Фокусное исследование было проведено в 2015 году в группе из 100 студентов WNPiD. Целью исследования – ознакомление с уровнем знаний студентов о новых СМИ, коммуникативных агрессиях и постправде, а также об их состоянии знаний о России. Это был важный пункт анализа, потому что исследование проводилось в год парламентских выборов, когда тема безопасности и отношений с Россией находилась в центре политических дебатов. Формирование обследуемой группы было проведено методом случайной выборки.
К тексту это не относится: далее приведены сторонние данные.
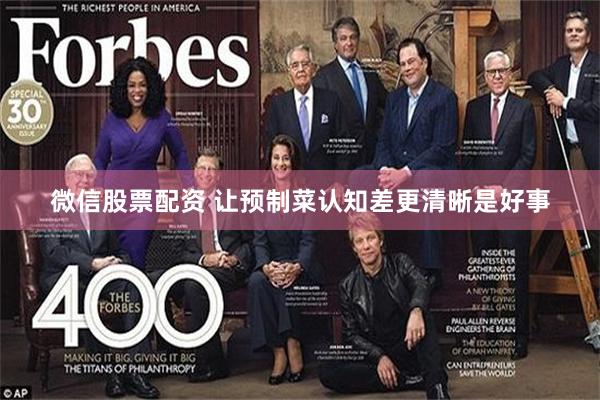 微信股票配资 让预制菜认知差更清晰是好事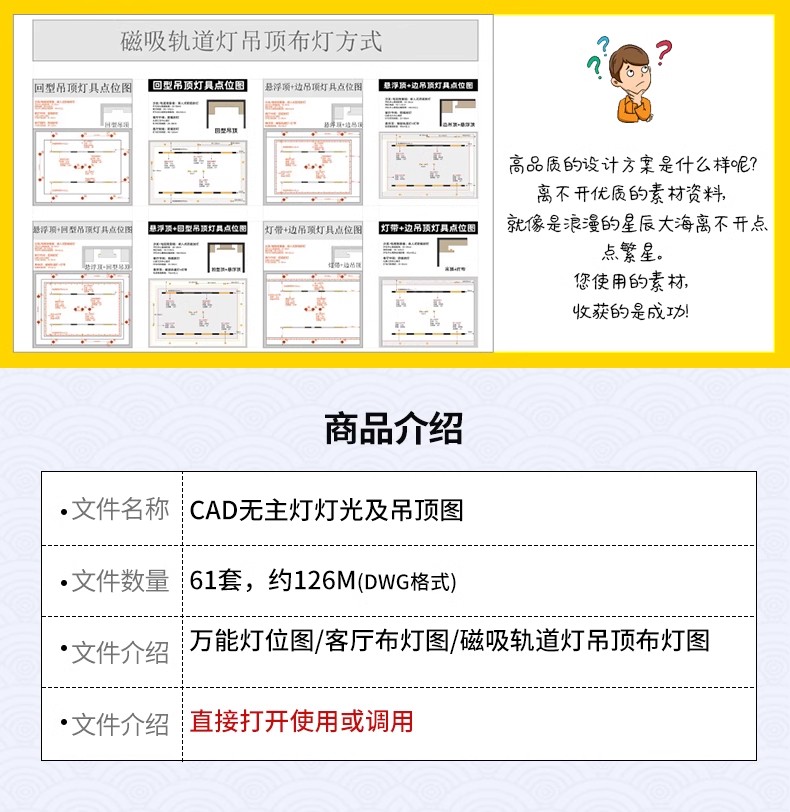 图片[2]-无主灯灯光及天花吊顶设计案例电路电气平面图施工图cad图纸模板-大怪兽分享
Выводы, к которым пришли авторы исследования, затем были использованы при составлении окончательного вопросника для проведения анкетирования в 2016 году. В новом исследовании приняли участие 471 учащийся из всех специальностей. Выводы из проведенных фокус-тестов показали, что сделанная выборка составила репрезентативную группу учащихся по отношению к Интернет-медиа. Контент, который студенты получают через Интернет, столь же релевантный для этой группы, как и полученный через традиционные средства массовой информации.

Специфика области исследования показала, что в обследуемой группе очень высок интерес к политическим и связанным с безопасностью страны темам. Кроме того, в целом группа признает и осознает факт агрессивного освещения в СМИ вопросов политики. Это касается как контента в социальных сетях, так и традиционных СМИ. Установленный факт важен тем, что позволяет исключить интенциональность со стороны исследователей.

Вопросы, содержащиеся в анкете, были сгруппированы в тематические группы и касались: наличия агрессии в социальных сетях и образов России и ее граждан в польских СМИ.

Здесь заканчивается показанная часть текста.